Based on Dmitry Glukhovsky’s cult novel of the same name, Metro 2033 is a story-heavy post-apocalyptic shooter in Half-Life mold. From the first-person perspective, you’re guided along a narrow path dictated by triggered scenes and dialogs. You are Artyom, a 20-year-old man who was an infant when the world ended, forcing the people of Moscow to live underground. One day, your father gets a visit from his friend Hunter, a Ranger from the opposite end of the Metro settlements. Hunter helps you defend your home station, Exhibition, from marauding mutants (gray beasts that look the evil gorillas from Congo) and the Dark Ones, evolved humans looking to wipe out the last surviving homo sapiens. Hunter charges you with traveling to the Ranger base Polis to solicit help in saving Exhibition from the Dark Ones threat. Then you’re off on a one-way trip across the train system.
The premise and setting are far and away the game’s best parts. The Moscow Metro really was built to act as a massive nuclear fallout shelter for the entire city, and Metro 2033’s vision of the transit system fulfilling that role is, supernatural elements aside, convincing and engrossing. The few populated stations you visit are filled with non-player characters just going about their lives. The place feels lived-in. When you have to go to the surface, the frozen, dead city feels lonely and scary, even though it’s such a familiar image from other media. The opening and closing thirds of the game have settings worthwhile enough to help you slog through a boring middle that has you facing off against warring factions, the Reds and Nazis.

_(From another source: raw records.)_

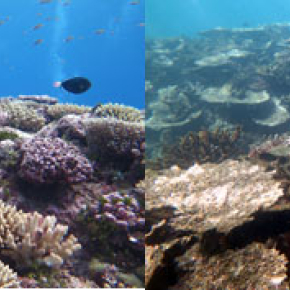 Changement climatique et pratiques locales : double peine pour un récif corallien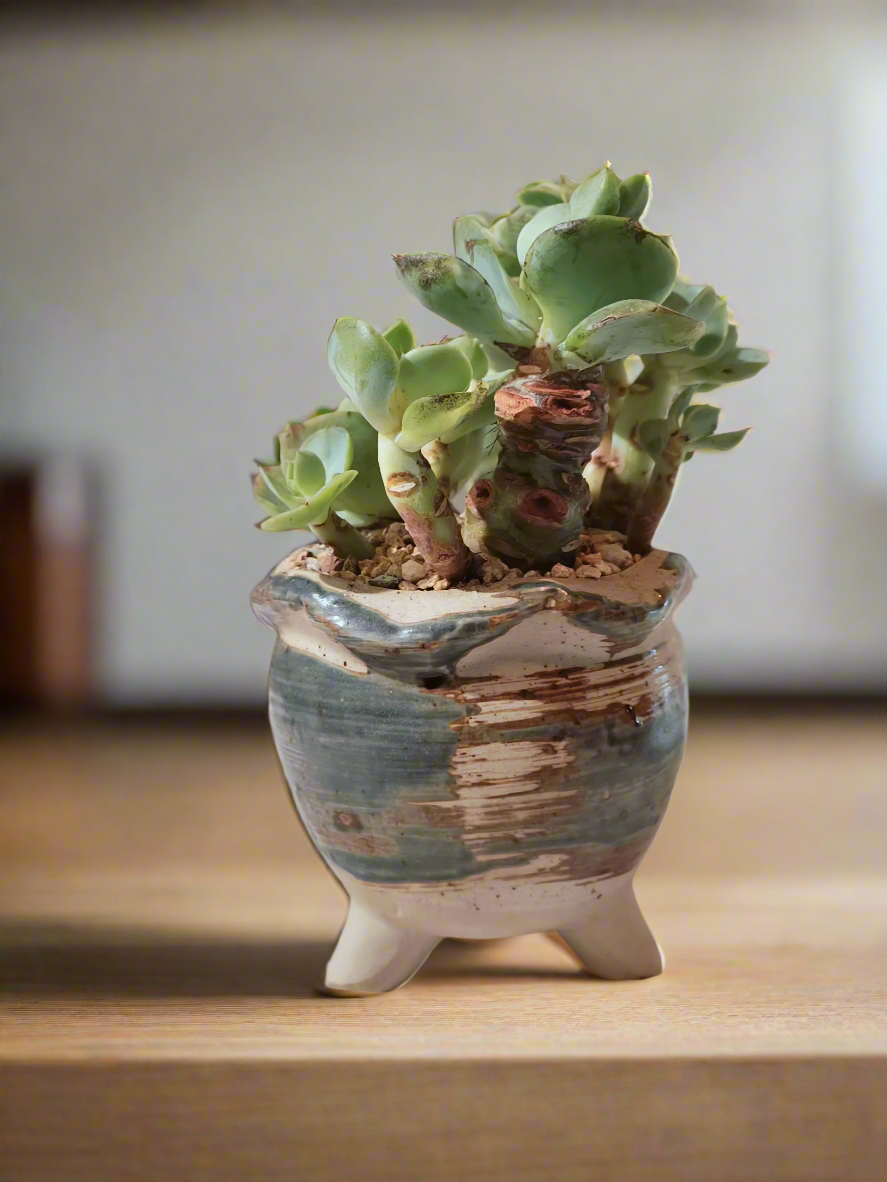 Succulent Rustica Pot- Echeveria Peach Pride - SlowBloomGreens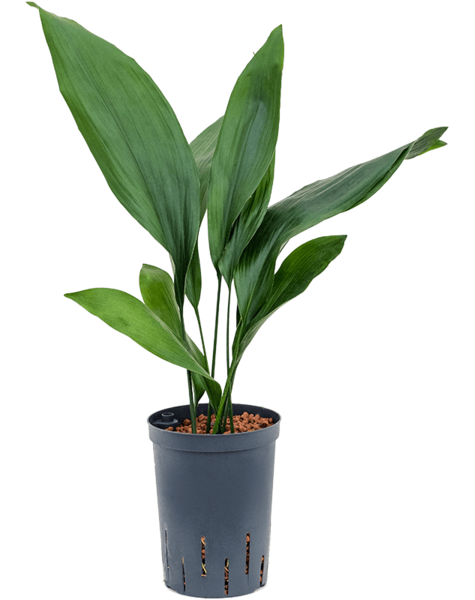 Hydroplant Aspidistra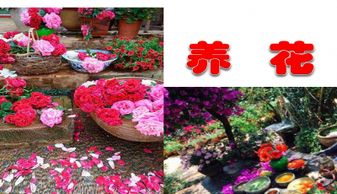 養(yǎng)花課文試講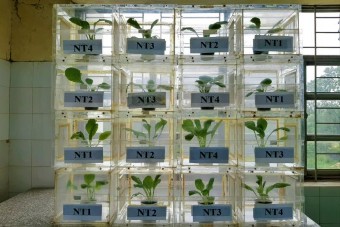 Hình 8 Bố trí thí nghiệm đánh giá hiệu quả các dòng vi khuẩn Bacillus 1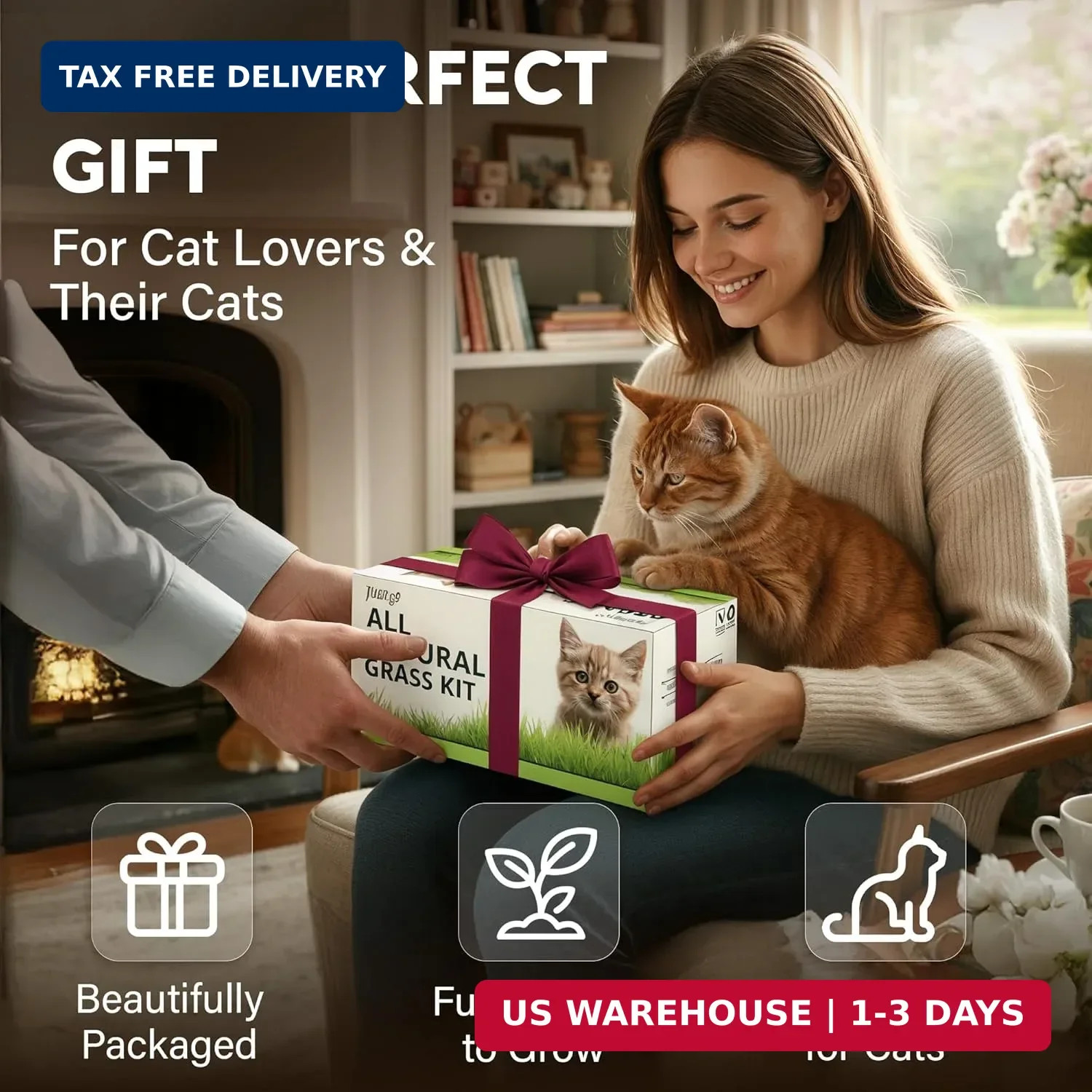 Cat Grass Kit for Indoor Cats – x4 Seed Packets | Cat Grass Seeds with Wooden Pl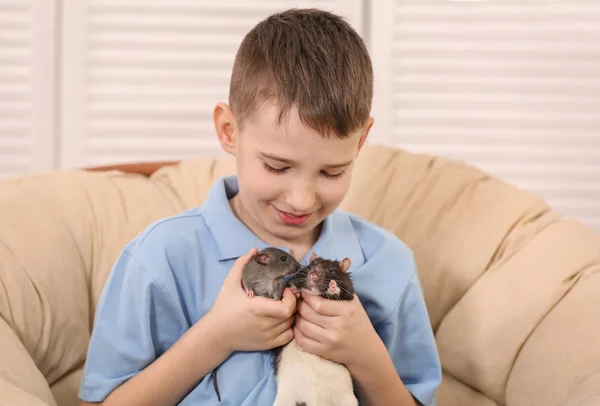 Sevimli çocuk komik farelerle — Stok fotoğraf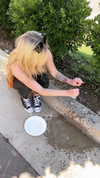 avrillavigne Altpins Profile Picture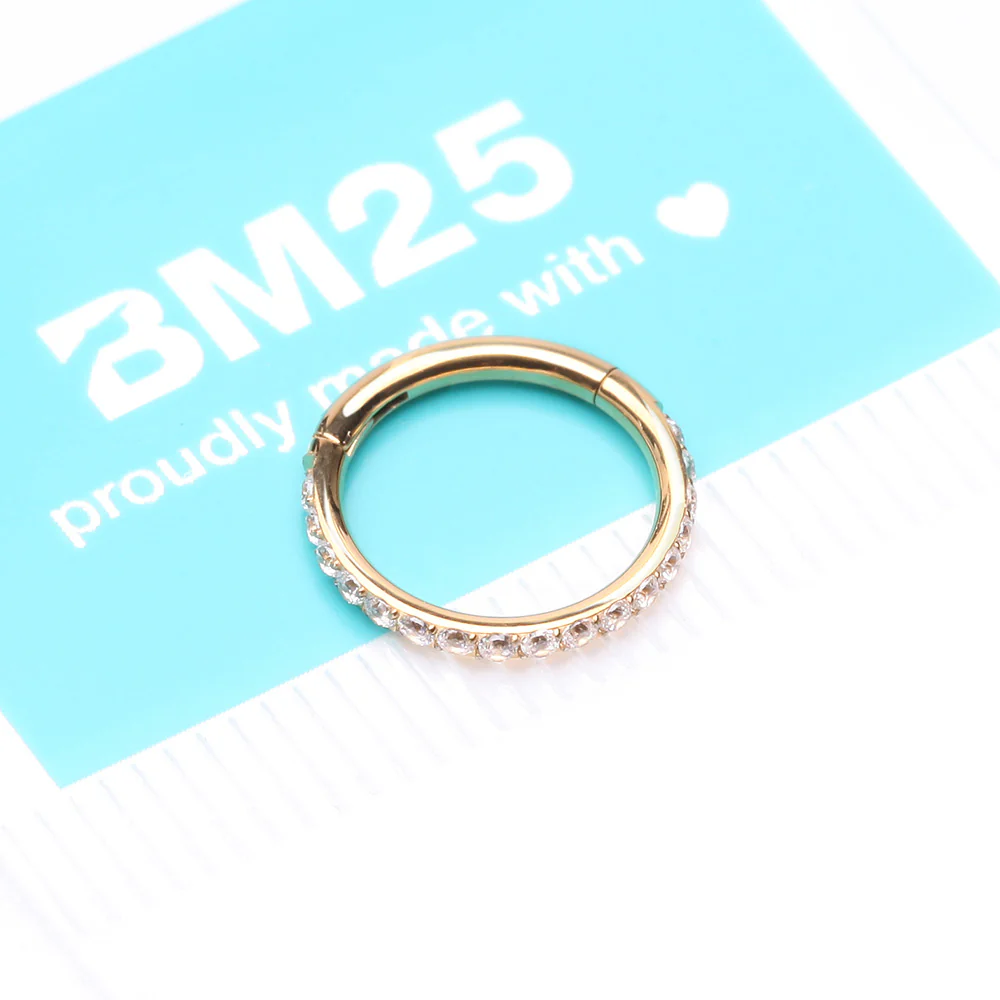 Pure24K Implant Grade Titanium Brilliant Sparkle Gems Lined Seamless Clicker Hoop Ring - Image 5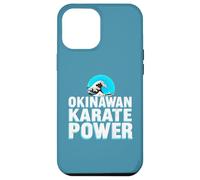 Okinawan Karate Case for iPhone 12 Pro Max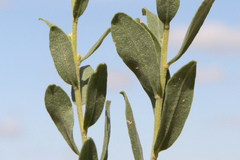 Solidago spathulata spathulata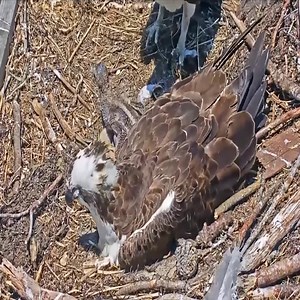 The youngest Osprey chick passes today at Barnegat Light. | Million Viewer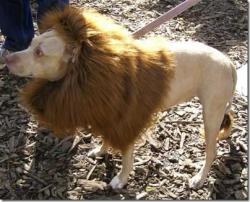 post-3757-0-76884200-1363479324_thumb.jp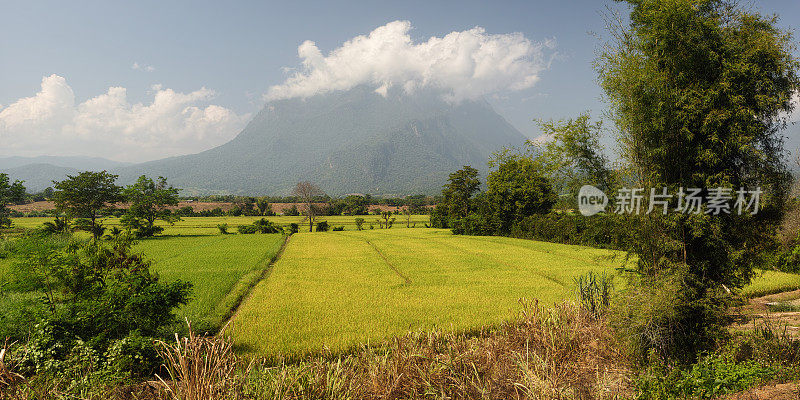 Doi Luang 山和清道。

Here’s the problem: the shooting, the only real game in Metro 2033, is broken. Human and mutant enemies take tons of bullets to fell, and you often can’t tell you’re even hitting them. Mutants are fast and rush in close, which is a problem since there is no standard mêlée attack. (A4 and THQ tried to address this with an alternate control screen patched into the game at launch, letting you quickly access your knife. The knife is about as effective as a spork, even on the easiest difficulty.) The game is great when you’re quietly wandering the world, listening to yourself breathe in a failing gas mask, but great story and atmosphere aren’t enough to carry a game.